§ About this exercise
Below are the records; repeat them in full, exactly.

§ Extracted records
==================================================
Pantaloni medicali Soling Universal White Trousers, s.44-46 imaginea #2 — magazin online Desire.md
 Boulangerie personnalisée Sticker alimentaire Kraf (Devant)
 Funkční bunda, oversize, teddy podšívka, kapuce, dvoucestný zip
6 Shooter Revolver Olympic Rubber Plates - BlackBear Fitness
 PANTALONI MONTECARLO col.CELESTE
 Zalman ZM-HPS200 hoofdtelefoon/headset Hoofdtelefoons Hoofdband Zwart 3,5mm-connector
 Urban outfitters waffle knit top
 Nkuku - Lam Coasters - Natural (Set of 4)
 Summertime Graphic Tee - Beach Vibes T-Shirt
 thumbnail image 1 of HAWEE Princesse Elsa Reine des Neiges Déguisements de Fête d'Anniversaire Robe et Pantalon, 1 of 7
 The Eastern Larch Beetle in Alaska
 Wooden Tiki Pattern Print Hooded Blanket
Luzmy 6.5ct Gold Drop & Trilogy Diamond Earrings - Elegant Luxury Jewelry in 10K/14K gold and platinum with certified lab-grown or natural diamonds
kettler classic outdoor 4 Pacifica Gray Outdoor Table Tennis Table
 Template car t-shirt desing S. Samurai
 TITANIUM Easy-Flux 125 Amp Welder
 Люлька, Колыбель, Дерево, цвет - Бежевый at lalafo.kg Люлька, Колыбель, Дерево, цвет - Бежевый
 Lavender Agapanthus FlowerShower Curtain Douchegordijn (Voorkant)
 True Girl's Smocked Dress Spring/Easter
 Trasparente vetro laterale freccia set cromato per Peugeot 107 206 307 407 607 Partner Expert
==================================================
§ Answer
Pantaloni medicali Soling Universal White Trousers, s.44-46 imaginea #2 — magazin online Desire.md
 Boulangerie personnalisée Sticker alimentaire Kraf (Devant)
 Funkční bunda, oversize, teddy podšívka, kapuce, dvoucestný zip
6 Shooter Revolver Olympic Rubber Plates - BlackBear Fitness
 PANTALONI MONTECARLO col.CELESTE
 Zalman ZM-HPS200 hoofdtelefoon/headset Hoofdtelefoons Hoofdband Zwart 3,5mm-connector
 Urban outfitters waffle knit top
 Nkuku - Lam Coasters - Natural (Set of 4)
 Summertime Graphic Tee - Beach Vibes T-Shirt
 thumbnail image 1 of HAWEE Princesse Elsa Reine des Neiges Déguisements de Fête d'Anniversaire Robe et Pantalon, 1 of 7
 The Eastern Larch Beetle in Alaska
 Wooden Tiki Pattern Print Hooded Blanket
Luzmy 6.5ct Gold Drop & Trilogy Diamond Earrings - Elegant Luxury Jewelry in 10K/14K gold and platinum with certified lab-grown or natural diamonds
kettler classic outdoor 4 Pacifica Gray Outdoor Table Tennis Table
 Template car t-shirt desing S. Samurai
 TITANIUM Easy-Flux 125 Amp Welder
 Люлька, Колыбель, Дерево, цвет - Бежевый at lalafo.kg Люлька, Колыбель, Дерево, цвет - Бежевый
 Lavender Agapanthus FlowerShower Curtain Douchegordijn (Voorkant)
 True Girl's Smocked Dress Spring/Easter
 Trasparente vetro laterale freccia set cromato per Peugeot 107 206 307 407 607 Partner Expert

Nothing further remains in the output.